Opinion

Chris Quinn, silly person

City Council Speaker Christine Quinn over the weekend demonstrated that one need not actually be a silly mayor in order to act like one.

Quinn joined hands with Mayors Thomas Menino of Boston, Rahm Emanuel of Chicago and Edwin Lee of San Francisco — each having promised to cast the Chick-fil-A fast-food chain into the darkness.

Or, at least, outside city limits.

This, after company Chairman Dan Cathy was quoted as saying that he supports “the biblical definition of the family unit” — which, he said, implies opposition to same-sex marriage.

Now, there’s no hint that Chick-fil-A has broken any discrimination laws. The views expressed are Cathy’s alone.

But the mayors all declared that the company’s values conflicted with those of their respective cities and that therefore it was not welcome to do business there.

Quinn concurs, and Saturday called upon NYU, the landlord of Chick-fil-A’s only franchise in New York City, to evict it.

That’s not something NYU can take lightly. It has serious business before the council — its massive expansion plan — and the “request” could reasonably be seen as extortionate.
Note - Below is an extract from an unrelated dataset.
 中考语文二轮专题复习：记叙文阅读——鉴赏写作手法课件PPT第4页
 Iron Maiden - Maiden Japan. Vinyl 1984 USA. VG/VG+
The speaker, anyway, is entitled to speak on whatever pops into her head.

Then again, so is Cathy.

It’s called the First Amendment, and one would think that someone who aspires to New York’s mayoralty would get that.

Certainly the incumbent does.

“You can’t have a test for what the owner’s personal views are before you decide to give a permit to do something in the city,” Mayor Bloomberg said Friday, during his weekly radio appearance.

“You really don’t want to ask [about] political beliefs or religious beliefs. That’s not government’s job.”

So, for the time being, it would seem that Chick-fil-A is good to go in the five boroughs (so long as it lays off the trans-fats, doesn’t over-salt the waffle fries and serves its sodas in 15 oz. cups, of course).

But what to make of Quinn?

Once upon a time, she seemed to be the only non-runt in the wannabe-mayor litter. But Quinn has truly been on a pander tear of late — aimed principally at ingratiating herself with unions but defining her credibility way down in the process.

The fact that she needs remedial instruction on something so basic as the First Amendment at this stage of the game suggests that there was little more than vapor there in the first place.